Frat House Bathroom: (St. Louis, 1998)

It’s midnight; my head is four inches from the porcelain of the American Standard toilet, the kind with the industrial steel big boom flusher that never leaves skid marks. If I stretch out past the end of the cot, my toes can touch the wall. This is my bedroom. My earplugs are in and Sketches of Spain is playing as loud as my little RCA CD player will go. In September I tried sleeping on the bed in the other room, but they woke me up, the frat dudes. I’m their frat daddy, the one who lives in the basement, the one the University hired to keep them in line. I imagine myself setting an alarm every night for 2am, going room to room with my Maglite, “guys turn off the music, put the beers down,” Clint Eastwood in boxers and flip flops, but I need to be up at 6am to run and get ready for my early class on Chinese intellectual history.
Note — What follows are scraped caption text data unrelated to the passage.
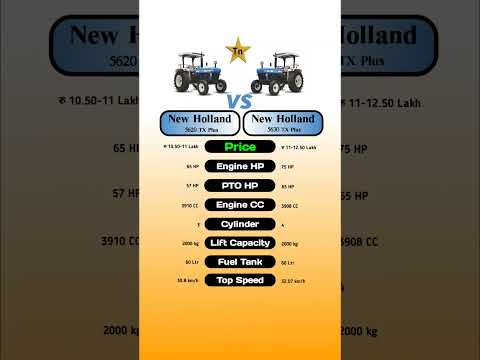 New Holland 5620 TX Plus Vs New Holland 5630 TX Plus #technnu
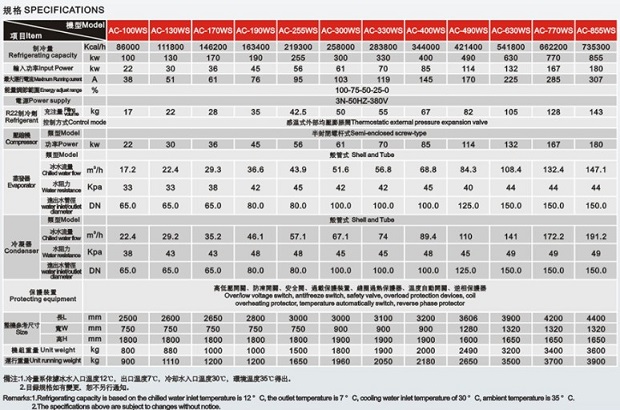 螺桿冷水機.jpg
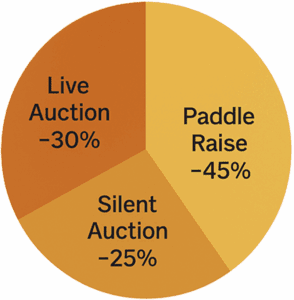 pie chart illustrating how silent auction has been trending smaller as part of the fundraising auction event revenue generator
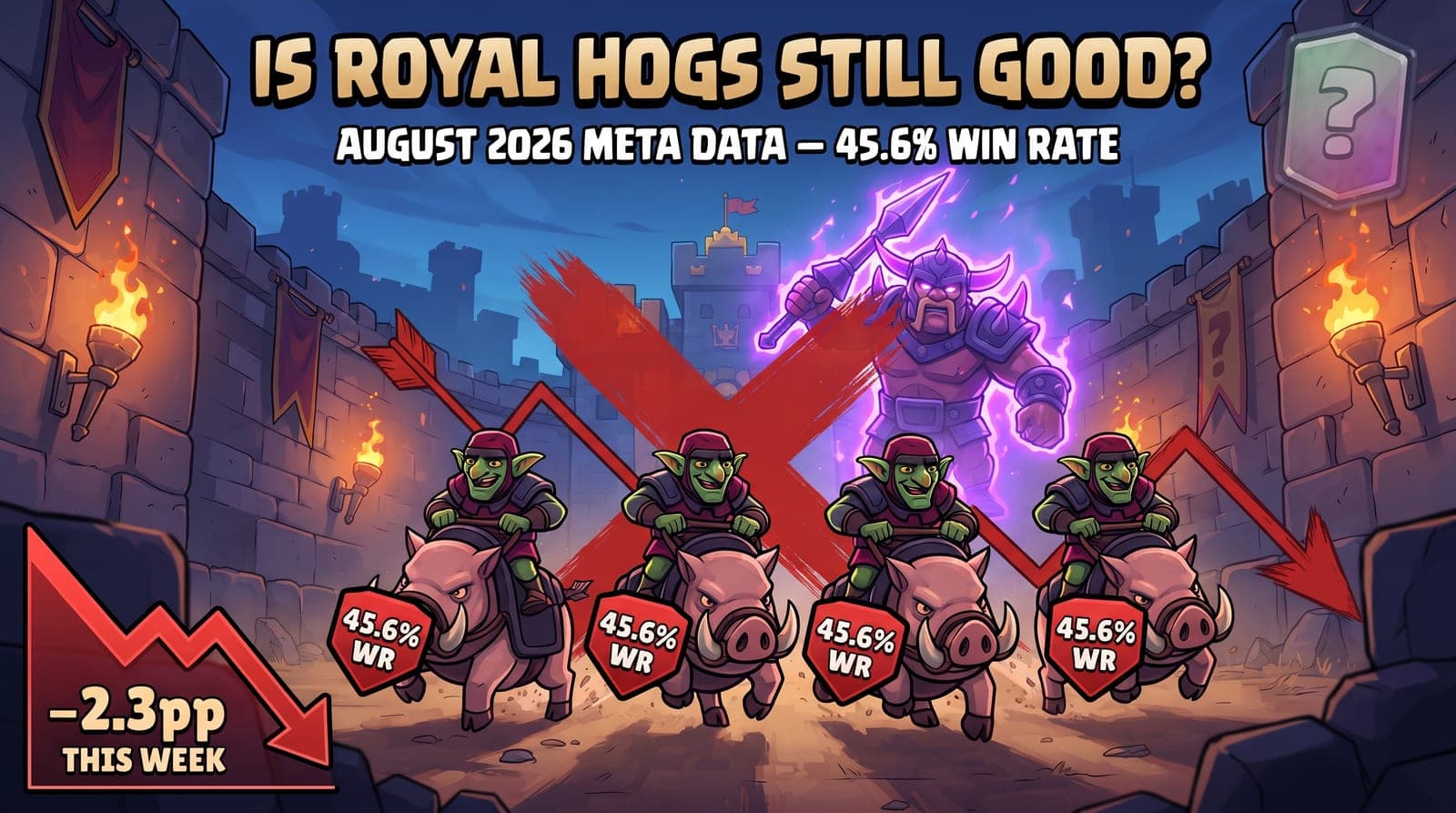 Is Royal Hogs Still Good in Clash Royale? August 2026 Meta Data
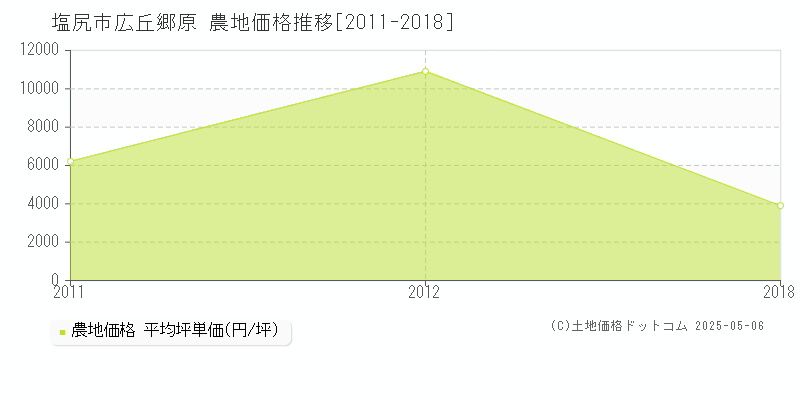 塩尻市広丘郷原の農地価格推移グラフ 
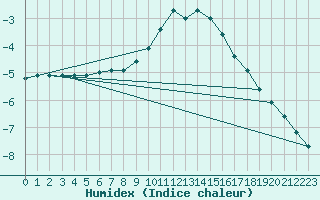 Courbe de l'humidex pour Chamonix-Mont-Blanc (74)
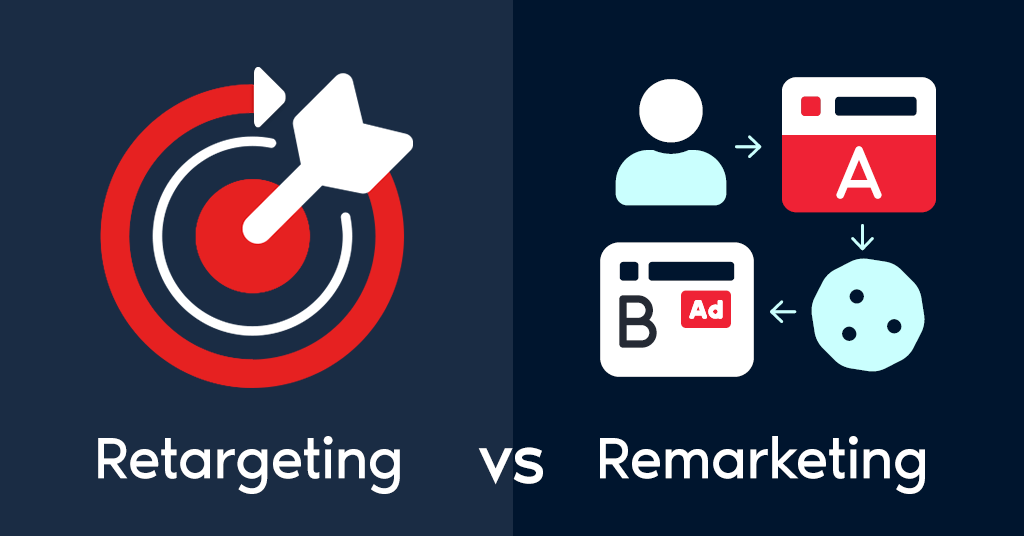 Comment utiliser le remarketing et le retargeting pour atteindre vos clients potentiels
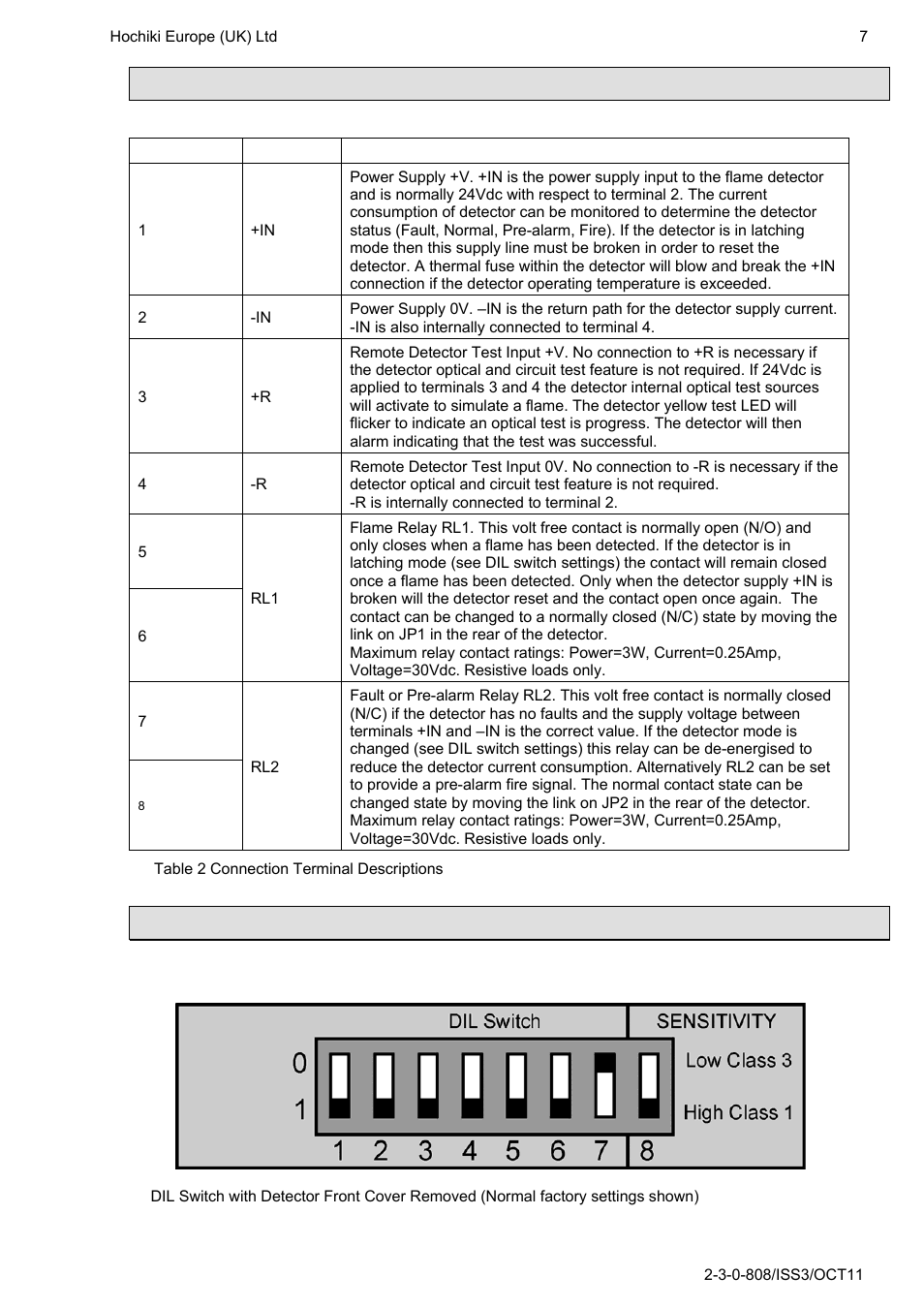 Connection terminal descriptions, Selectable detector functions | Hochiki IFD-E User Manual | Page 7 / 16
With the bathroom door closed, I sleep through the keg parties, the thrown bottles, even fire alarms, if the place ever went up in flames, I’d die, it is a risk I take every night. Truth, it is the best sleep I’ve ever had, it is my tiled cocoon, nothing can touch me, not ex-girlfriends, future girlfriends, no one except Miles Davis. His dulled trumpet lulls me to slumber, and night after night I’m with him, in Aranjuez, in my bathroom.